Commenting after meeting with Julian Smith, Jim Allister said:
“We had a straight-talking meeting with the Secretary of State in which we stressed that the Government’s attempts to resurrect an unreformed Stormont are doomed to failure. We made the point that if after next Thursday, regardless of the result, the UK had to have a government with Boris Johnstone and Jeremy Corbyn as joint Prime Ministers no one would expect it to last. Yet in Northern Ireland, the Secretary of State is sadly focused on restoring a system which has failed time and again. Furthermore, in many ways the Belfast Agreement system is more ludicrous than the thought of a Johnstone/Corbyn government as one of the main parties in any restored executive doesn’t even believe Northern Ireland should exist.

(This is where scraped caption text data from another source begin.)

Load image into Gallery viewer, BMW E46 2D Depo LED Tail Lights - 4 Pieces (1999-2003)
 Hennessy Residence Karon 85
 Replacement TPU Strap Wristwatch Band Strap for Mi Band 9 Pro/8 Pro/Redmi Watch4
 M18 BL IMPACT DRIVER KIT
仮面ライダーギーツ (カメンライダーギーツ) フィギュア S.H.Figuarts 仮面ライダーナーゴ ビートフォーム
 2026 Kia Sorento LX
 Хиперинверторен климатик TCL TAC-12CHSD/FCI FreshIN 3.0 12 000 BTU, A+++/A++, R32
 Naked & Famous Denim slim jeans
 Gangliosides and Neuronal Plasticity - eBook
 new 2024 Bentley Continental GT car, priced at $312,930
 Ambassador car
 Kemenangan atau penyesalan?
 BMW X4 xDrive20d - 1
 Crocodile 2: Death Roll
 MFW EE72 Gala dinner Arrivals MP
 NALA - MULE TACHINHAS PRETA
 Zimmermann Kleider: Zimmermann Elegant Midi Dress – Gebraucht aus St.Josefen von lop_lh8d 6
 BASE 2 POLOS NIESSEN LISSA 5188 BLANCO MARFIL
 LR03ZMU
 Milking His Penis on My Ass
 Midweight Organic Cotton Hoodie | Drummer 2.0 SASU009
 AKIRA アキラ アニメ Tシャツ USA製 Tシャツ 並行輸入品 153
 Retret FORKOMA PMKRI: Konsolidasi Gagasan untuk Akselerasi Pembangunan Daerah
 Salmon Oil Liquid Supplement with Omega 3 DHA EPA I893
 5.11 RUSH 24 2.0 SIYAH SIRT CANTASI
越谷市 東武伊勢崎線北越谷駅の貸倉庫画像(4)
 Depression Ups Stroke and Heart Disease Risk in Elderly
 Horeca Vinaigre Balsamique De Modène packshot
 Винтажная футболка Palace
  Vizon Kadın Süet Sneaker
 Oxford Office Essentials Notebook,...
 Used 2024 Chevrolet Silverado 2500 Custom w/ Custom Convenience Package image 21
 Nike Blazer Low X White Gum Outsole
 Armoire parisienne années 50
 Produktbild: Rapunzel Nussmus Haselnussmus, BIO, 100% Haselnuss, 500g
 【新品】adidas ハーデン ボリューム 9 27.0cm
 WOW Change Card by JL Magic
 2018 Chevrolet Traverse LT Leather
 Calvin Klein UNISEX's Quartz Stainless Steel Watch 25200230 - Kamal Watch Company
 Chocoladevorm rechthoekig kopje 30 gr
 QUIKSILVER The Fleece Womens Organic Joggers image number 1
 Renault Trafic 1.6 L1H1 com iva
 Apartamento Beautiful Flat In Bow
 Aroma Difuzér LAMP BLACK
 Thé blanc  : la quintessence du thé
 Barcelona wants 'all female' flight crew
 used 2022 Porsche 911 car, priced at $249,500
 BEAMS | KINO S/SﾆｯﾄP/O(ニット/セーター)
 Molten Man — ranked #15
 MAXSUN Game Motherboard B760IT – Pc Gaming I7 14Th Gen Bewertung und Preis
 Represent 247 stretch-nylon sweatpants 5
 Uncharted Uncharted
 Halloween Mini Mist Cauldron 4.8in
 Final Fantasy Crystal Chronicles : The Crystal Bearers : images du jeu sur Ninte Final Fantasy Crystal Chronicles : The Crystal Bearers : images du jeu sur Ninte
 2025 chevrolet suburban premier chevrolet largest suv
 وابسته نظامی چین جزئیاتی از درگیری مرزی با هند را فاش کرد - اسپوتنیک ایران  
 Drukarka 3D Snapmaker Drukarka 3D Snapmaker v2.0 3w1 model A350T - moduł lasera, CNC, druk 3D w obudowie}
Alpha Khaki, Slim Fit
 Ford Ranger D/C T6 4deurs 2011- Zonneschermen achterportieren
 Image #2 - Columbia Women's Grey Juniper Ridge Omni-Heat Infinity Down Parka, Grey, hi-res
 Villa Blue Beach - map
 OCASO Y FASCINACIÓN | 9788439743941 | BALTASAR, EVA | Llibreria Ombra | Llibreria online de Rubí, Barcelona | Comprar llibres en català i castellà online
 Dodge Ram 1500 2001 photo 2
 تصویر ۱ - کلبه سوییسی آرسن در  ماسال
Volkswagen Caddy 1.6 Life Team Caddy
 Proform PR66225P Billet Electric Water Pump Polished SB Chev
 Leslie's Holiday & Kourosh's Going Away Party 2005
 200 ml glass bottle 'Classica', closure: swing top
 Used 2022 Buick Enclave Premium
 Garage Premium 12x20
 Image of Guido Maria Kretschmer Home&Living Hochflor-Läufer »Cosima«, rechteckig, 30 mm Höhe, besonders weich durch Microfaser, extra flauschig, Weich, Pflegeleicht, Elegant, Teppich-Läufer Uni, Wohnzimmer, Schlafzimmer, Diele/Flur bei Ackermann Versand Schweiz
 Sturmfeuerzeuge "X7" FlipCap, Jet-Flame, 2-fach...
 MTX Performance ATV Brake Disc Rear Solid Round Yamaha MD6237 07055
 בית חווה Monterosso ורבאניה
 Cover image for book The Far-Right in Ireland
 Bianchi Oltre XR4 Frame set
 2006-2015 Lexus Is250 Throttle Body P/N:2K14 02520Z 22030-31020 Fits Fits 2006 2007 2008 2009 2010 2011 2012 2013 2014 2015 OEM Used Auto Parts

“TUV urged the government to ditch the politics of failure and spelt out the alternatives which could be put in place. We reminded the Secretary of State that in the absence of devolution he had a responsibility to govern and that the crisis in health meant that direct rule ministers should be brought in.
“On the issue of Brexit, we left Mr Smith in no doubt about the feeling of betrayal within Unionism and the united opposition across our community to the Boris deal which produces Brexit for Great Britain but not for Northern Ireland. A situation that provides for frictionless trade on the island of Ireland at the expense of erecting a border in the Irish Sea cuts to the heart of the Act of Union. The Union has always been about economic as well as political union between the UK’s family of nations.
“We also raised the imposition of abortion and same sex marriage on Northern Ireland.
“We expressed our strong opposition to the free for all on abortion up to 12 or even 14 weeks proposed by the NIO and concerns about the limits to conscientious objection in their ongoing consultation.
“On the redefinition of marriage we were at least pleased to advised that the NIO is planning to consult on protections for churches and free speech – provisions which exist in Great Britain.”